* TASK DIRECTIONS *
In the listing below, find the line with "韓国国旗とサッカーボール（個別スタンプ：27）" and the line with "把十只藏獒和一只西伯利亚虎放到一起,結果会怎么样呢?", then return them and every line between them exactly, minus the pictures.

(RECORDS TO USE Opens)

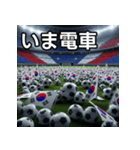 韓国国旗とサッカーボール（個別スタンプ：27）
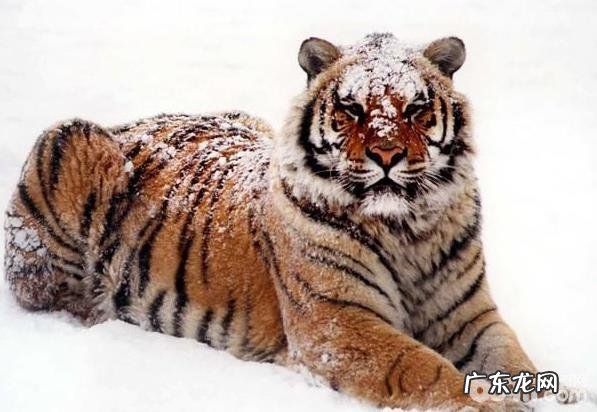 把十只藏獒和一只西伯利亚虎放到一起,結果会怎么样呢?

(RECORDS TO USE Closes)
(RECORDS TO USE Opens)

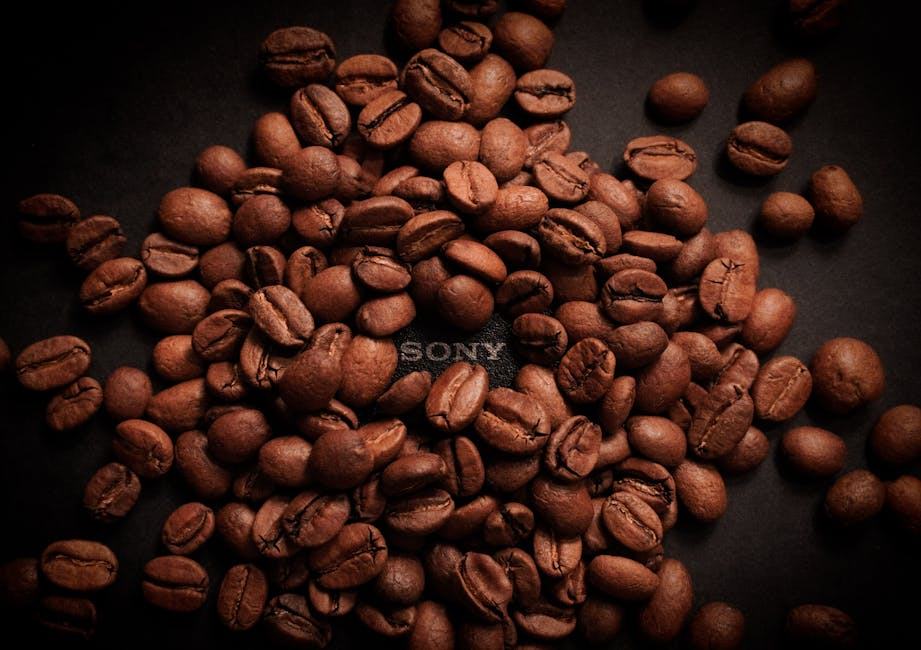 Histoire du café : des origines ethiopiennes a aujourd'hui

(RECORDS TO USE Closes)

* ANSWER SECTION *
 韓国国旗とサッカーボール（個別スタンプ：27）
 把十只藏獒和一只西伯利亚虎放到一起,結果会怎么样呢?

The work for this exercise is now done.